[Data to process Boundary: Start]

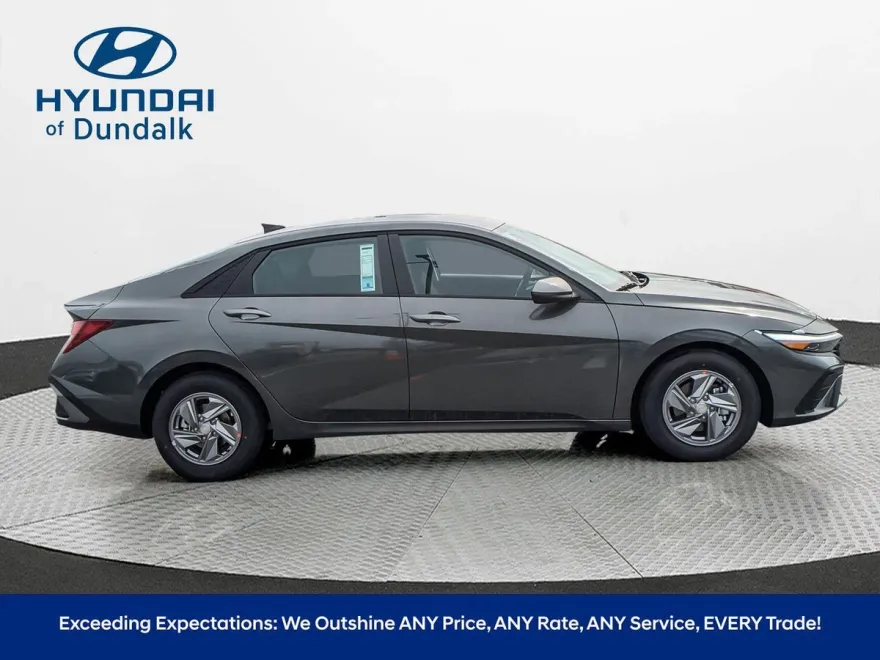 2025 Hyundai Elantra SE photo 1
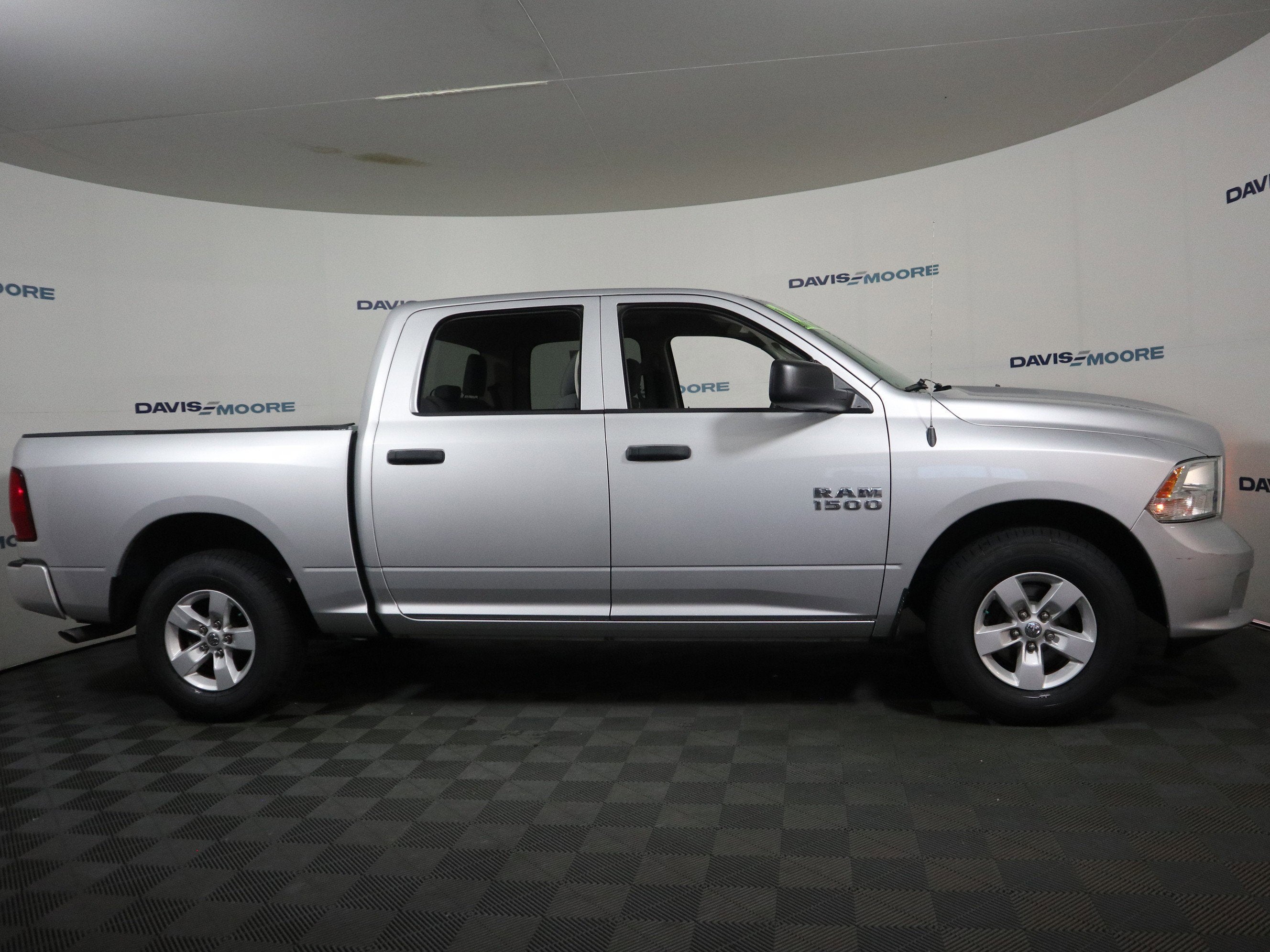 2017 RAM 1500 Express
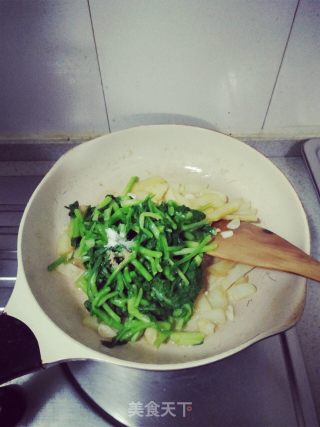 土豆炒菜心的做法步骤：12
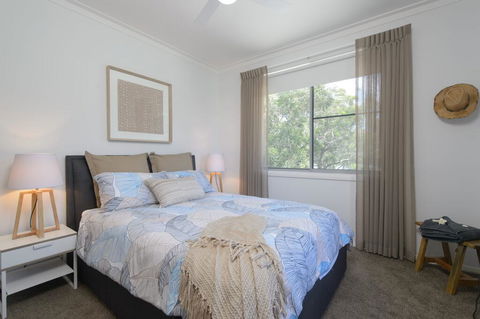 YARINGA - Retreat Style Accomodation With Swimming Pool - Mackay Tourism 2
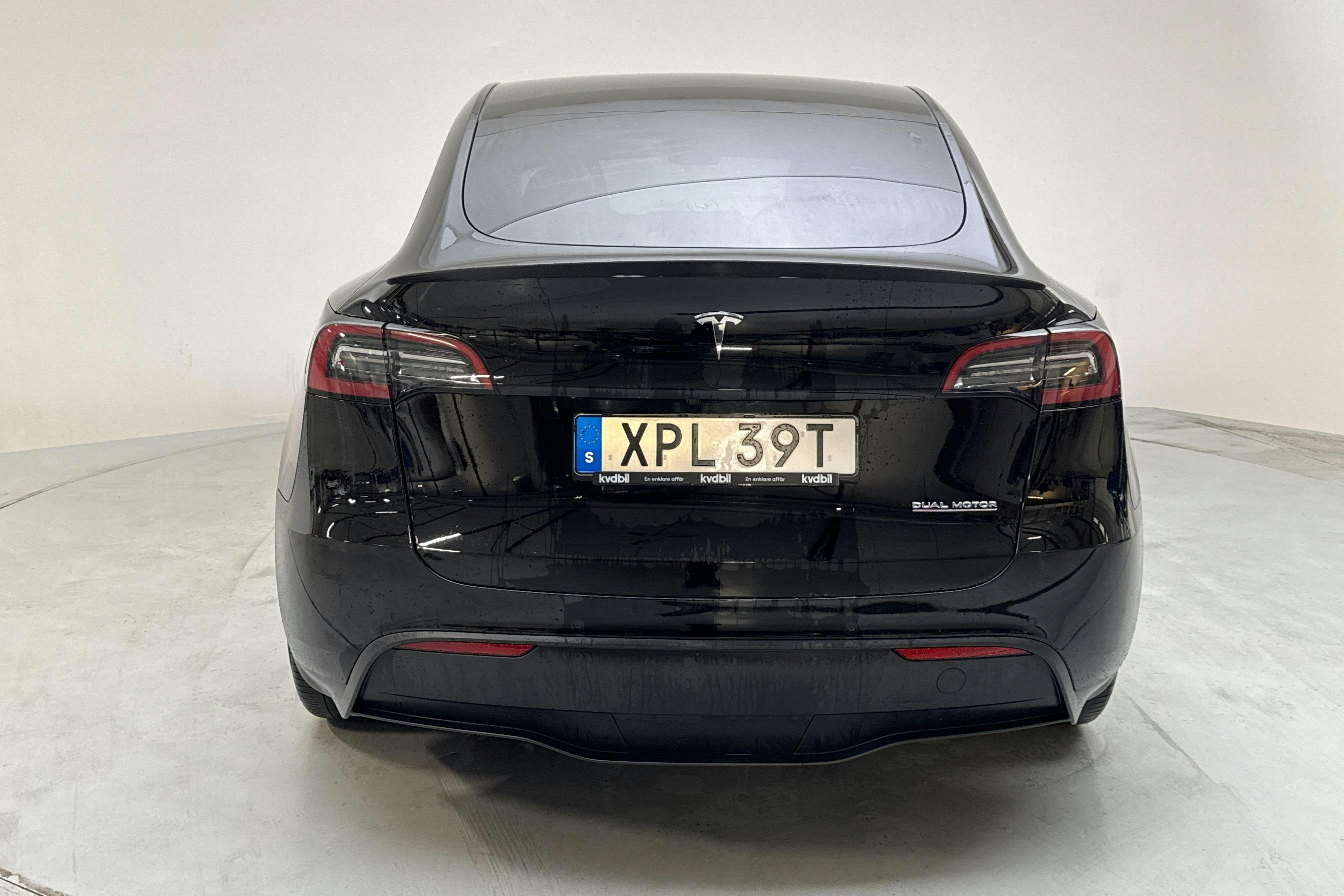 Tesla Model Y Performance Dual Motor AWD - 7 613 mil - Automat - svart - 2022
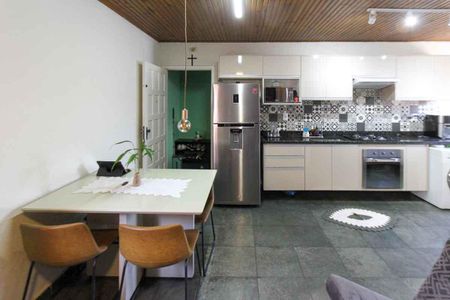 Casa à venda com 196m², 4 quartos e 4 vagas Casa à venda com 196m², 4 quartos e 4 vagasSala de Jantar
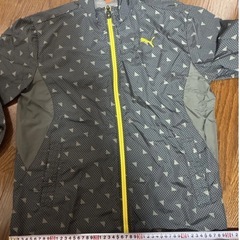 PUMAウィンドブレーカーの画像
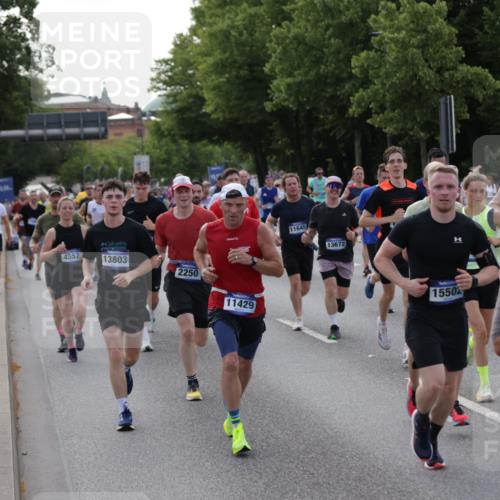 29.06.2025 - hella hamburg halbmarathon Jannik Wohlers http://msf.ph/oto/8246772 29.06.2025 09:55:34 Lombardsbrücke 1143, 1216, 1257, 1267, 1502, 1507, 1689, 2083, 2250, 2260, 2818, 2864, 2884, 3060, 3543, 3692, 4033, 4127, 4324, 4346, 4557, 4601, 5116, 6115, 6134, 6994, 7056, 7100, 7224, 7332, 7657, 8273, 8335, 8390, 8668, 8821, 9074, 9551, 10408, 10603, 10811, 10895, 11009, 11211, 11429, 11645, 12277, 12523, 12875, 13073, 13301, 13672, 13758, 13803, 14239, 14628, 14928, 15384, 15392, 15502, 15899, 16175, 16623, 16738, 17127, 17131, 17282, 17842 meine-sportfotos.de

[Data to process Boundary: End]

How to complete this task >>
Print only the lines from the opening line of the listing to the line containing "PUMAウィンドブレーカーの画像", inclusive, exactly as they appear and without pictures.

Response to this exercise >>
 2025 Hyundai Elantra SE photo 1
 2017 RAM 1500 Express
 土豆炒菜心的做法步骤：12
 YARINGA - Retreat Style Accomodation With Swimming Pool - Mackay Tourism 2
 Tesla Model Y Performance Dual Motor AWD - 7 613 mil - Automat - svart - 2022
 Casa à venda com 196m², 4 quartos e 4 vagas Casa à venda com 196m², 4 quartos e 4 vagasSala de Jantar
 PUMAウィンドブレーカーの画像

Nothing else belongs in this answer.